Esto de ingresar o sacar efectivo en los bancos bielorrusos es una experiencia interesante, muy diferente y más engorrosa que a lo que estamos acostumbrados en occidente. Para empezar, en casi todas las sucursales suele haber algo de cola y hay que coger número para hacer cualquier gestión: si ésta involucra manejo de efectivo, en las cajas (casi siempre situadas dentro de unas cabinas individuales), y todo lo demás en las mesas. La espera varía entre cinco y veinte minutos. Una vez anuncian tu número y entras en la cabina, la cajera te pide la documentación (aunque sea para un ingreso); y pese a estar todo el sistema digitalizado, aquí no han aprovechado la tecnología para prescindir del papel; de manera que todo se hace por duplicado: tanto a través del ordenador como en soporte físico. Si tu pasaporte no está en ruso es importante llevar contigo la traducción oficial apostillada por el notario, pues si la mujer no es muy espabilada puede decirte que no entiende los datos.

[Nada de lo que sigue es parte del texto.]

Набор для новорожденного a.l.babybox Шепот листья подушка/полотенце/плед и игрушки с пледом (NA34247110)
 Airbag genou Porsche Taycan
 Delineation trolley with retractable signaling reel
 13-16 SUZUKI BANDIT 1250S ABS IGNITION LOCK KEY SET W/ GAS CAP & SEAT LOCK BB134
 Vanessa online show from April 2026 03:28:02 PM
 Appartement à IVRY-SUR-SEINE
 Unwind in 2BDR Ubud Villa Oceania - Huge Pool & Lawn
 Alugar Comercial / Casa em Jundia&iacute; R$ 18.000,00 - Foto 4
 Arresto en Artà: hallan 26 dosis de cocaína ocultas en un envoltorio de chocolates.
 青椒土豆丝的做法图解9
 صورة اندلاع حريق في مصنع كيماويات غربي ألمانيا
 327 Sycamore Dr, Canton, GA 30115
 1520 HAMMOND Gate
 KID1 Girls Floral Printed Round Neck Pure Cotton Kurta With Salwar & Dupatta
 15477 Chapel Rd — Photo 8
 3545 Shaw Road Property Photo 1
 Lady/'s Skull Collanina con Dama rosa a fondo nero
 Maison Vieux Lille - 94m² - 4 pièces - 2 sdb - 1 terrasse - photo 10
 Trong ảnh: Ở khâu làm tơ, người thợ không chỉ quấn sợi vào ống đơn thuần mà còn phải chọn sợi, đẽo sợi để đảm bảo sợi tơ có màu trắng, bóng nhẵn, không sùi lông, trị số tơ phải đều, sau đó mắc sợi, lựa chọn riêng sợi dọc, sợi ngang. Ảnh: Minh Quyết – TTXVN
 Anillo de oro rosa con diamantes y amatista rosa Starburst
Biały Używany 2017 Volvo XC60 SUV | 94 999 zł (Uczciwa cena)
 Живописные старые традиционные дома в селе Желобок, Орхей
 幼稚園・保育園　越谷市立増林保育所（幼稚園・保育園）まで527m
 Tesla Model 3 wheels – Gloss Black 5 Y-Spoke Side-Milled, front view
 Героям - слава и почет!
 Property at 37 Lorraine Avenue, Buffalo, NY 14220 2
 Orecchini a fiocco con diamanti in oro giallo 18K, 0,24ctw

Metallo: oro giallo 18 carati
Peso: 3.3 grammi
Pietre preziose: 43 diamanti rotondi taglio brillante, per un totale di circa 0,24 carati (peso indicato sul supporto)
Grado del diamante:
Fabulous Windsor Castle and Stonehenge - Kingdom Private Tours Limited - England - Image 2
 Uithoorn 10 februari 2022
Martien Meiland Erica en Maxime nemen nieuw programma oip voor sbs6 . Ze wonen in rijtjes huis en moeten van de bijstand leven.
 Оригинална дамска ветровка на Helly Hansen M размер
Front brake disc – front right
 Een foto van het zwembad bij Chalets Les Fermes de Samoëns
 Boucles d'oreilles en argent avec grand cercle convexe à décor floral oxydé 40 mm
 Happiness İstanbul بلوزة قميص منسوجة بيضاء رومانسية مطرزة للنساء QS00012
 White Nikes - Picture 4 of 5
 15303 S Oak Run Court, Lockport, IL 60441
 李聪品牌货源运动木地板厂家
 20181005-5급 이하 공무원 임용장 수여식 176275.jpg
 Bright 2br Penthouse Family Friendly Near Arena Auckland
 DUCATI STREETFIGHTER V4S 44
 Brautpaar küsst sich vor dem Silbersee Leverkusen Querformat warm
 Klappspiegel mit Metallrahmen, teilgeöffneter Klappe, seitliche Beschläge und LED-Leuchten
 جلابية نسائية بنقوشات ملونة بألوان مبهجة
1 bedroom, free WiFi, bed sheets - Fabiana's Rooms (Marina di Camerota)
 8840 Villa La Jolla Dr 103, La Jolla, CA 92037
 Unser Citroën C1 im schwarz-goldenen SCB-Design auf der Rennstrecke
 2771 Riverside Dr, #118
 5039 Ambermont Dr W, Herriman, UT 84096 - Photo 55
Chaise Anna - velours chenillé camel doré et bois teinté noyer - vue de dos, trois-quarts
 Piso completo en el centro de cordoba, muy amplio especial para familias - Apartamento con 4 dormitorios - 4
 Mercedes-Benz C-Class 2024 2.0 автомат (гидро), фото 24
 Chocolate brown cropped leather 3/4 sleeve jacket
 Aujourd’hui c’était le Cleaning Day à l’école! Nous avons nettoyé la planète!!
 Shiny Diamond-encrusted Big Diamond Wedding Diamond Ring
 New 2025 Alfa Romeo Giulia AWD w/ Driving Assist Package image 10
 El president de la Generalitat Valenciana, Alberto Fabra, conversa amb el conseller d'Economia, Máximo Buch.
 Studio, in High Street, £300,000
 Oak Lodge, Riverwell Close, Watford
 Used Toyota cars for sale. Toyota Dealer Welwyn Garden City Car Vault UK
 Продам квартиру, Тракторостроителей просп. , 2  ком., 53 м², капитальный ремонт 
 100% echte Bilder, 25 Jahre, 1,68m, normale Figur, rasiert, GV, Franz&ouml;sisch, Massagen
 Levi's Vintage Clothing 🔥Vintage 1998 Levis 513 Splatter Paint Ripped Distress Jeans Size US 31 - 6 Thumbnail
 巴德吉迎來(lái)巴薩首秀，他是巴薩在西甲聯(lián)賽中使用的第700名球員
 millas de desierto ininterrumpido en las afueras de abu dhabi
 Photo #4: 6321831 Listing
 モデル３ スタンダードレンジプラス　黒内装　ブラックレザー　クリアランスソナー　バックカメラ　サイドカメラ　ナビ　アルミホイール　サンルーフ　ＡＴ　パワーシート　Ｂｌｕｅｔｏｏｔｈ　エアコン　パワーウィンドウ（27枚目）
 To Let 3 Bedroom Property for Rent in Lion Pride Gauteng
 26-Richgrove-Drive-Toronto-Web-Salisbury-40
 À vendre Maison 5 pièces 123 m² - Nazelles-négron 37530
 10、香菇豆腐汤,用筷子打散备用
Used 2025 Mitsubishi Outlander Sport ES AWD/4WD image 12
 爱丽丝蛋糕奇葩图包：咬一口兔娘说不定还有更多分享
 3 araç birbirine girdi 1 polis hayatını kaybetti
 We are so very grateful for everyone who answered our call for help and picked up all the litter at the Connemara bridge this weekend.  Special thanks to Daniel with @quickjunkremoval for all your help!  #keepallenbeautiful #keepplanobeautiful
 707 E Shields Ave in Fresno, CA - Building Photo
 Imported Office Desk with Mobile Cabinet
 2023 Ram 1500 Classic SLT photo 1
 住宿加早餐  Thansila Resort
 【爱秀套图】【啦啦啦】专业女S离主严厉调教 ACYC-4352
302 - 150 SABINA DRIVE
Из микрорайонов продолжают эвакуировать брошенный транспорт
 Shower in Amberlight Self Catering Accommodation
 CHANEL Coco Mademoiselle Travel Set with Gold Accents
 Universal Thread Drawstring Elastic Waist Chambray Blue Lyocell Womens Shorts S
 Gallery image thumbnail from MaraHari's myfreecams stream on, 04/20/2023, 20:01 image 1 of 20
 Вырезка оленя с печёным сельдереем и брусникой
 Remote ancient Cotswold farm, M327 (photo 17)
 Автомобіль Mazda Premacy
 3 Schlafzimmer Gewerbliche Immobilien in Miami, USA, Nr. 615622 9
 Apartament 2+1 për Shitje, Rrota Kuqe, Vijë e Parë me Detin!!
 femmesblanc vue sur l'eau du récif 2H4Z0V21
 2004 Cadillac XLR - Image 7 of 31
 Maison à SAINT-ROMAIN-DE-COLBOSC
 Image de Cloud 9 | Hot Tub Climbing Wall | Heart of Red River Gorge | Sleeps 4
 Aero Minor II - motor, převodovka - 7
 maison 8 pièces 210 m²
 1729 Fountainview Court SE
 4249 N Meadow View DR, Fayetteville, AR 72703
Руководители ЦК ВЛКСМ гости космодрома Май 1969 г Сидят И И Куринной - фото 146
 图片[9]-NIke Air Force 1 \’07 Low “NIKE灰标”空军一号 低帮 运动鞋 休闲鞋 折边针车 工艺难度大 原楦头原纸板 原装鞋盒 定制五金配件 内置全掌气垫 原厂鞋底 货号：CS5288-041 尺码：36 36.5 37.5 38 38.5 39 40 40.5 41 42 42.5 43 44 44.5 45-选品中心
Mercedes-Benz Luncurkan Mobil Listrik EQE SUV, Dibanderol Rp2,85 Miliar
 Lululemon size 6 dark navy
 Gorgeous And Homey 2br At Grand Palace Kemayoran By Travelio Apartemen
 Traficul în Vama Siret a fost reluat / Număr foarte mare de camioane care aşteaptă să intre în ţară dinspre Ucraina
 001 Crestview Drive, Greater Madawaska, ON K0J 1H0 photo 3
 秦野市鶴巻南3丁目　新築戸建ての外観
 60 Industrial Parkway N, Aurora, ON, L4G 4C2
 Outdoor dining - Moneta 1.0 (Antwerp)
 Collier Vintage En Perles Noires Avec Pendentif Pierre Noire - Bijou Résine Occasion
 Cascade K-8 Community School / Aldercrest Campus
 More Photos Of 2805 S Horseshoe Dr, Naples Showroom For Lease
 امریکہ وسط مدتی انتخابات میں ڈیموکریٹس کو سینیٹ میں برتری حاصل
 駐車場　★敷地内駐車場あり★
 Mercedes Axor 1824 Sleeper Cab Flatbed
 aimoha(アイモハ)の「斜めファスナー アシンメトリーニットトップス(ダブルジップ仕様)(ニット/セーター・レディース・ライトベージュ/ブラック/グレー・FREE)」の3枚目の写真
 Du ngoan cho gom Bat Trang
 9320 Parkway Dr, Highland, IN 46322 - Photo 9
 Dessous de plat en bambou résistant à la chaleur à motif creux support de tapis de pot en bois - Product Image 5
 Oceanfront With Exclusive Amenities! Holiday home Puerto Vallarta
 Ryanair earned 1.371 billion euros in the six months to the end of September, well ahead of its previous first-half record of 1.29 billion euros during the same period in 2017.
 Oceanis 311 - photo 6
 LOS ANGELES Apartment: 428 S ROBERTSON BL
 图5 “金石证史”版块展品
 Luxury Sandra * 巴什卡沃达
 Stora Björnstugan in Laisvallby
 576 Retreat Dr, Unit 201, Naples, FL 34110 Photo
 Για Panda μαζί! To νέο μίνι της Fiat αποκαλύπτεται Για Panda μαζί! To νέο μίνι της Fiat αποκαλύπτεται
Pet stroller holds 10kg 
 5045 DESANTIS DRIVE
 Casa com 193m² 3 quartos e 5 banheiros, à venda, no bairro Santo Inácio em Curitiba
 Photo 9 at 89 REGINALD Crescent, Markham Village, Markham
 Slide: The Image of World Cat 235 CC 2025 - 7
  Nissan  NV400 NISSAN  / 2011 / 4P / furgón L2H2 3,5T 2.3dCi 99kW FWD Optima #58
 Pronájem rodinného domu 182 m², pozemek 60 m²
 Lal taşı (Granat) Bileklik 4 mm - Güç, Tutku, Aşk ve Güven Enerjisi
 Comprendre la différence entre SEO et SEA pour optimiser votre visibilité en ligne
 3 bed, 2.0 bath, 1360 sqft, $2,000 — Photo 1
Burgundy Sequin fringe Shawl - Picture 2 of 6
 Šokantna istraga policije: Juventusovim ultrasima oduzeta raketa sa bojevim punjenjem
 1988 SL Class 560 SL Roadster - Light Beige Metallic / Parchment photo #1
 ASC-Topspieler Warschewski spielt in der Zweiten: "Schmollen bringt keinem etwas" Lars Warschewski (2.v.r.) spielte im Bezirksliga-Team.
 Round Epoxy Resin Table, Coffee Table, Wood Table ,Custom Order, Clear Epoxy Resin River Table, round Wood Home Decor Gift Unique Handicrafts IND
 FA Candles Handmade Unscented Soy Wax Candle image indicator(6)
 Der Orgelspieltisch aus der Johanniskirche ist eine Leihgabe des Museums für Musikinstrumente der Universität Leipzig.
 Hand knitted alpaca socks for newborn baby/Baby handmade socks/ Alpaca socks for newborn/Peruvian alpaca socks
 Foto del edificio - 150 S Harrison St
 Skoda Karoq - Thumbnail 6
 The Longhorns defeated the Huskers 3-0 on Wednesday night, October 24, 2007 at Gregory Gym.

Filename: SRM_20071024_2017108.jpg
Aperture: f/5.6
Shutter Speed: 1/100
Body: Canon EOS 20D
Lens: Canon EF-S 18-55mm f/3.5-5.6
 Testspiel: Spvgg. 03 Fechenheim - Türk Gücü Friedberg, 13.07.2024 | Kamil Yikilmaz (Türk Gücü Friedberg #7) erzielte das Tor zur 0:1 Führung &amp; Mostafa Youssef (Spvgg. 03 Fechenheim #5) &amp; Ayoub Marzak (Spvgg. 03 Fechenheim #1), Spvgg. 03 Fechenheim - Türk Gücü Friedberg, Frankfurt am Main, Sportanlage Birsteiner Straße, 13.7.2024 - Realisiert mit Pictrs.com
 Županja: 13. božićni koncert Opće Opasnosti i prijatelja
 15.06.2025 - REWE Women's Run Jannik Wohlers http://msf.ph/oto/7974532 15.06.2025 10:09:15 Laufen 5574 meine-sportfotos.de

Luego, una vez tecleado en el ordenador lo que sea menester, la impresora matricial saca un metro de papel continuo que la cajera corta en tres partes con la tradicional ayuda de una regla; estampa una docena de sellos, echa unas cuantas firmas y te pasa dos de los trozos para que los firmes tú. A continuación llama a otro empleado para que ponga también su rúbrica en los papeles, y por último te devuelve los que te corresponden. Así que, hasta para la operación más tonta, el tiempo mínimo invertido es de cinco minutos. A nadie ha de extrañar, pues, que siempre haya colas. Me pregunto a qué obedece este excesivo celo y qué conclusiones pueden extraerse de esta práctica. ¿Se trata de dar todas las garantías al cuentacorrentista, o de desconfianza del banco hacia sus empleados? ¿Es una burocracia impuesta por las leyes o una rutina a propia iniciativa del sector bancario? ¡Vaya usted a saber!
Hay otra forma más rápida y sencilla de hacer estas y otras operaciones, que es a través de algunos cajeros automáticos o de las terminales electrónicas al efecto que hay en todas las sucursales; pero para eso conviene tener una tarjeta física, de la que yo carecía, pues de lo contrario te cobran -paradoja entre las paradojas- una comisión no desdeñable, pese a que al banco le sale gratis: si haces el ingreso o la disposición a través de la terminal sin tener una tarjeta, tienes que pagar el 1'5% del monto en cuestión, pero si lo haces en caja no te cobran nada, aunque en este caso la entidad asume el coste de pagar al empleado que te atiende. Cosas absurdas que tiene la vida.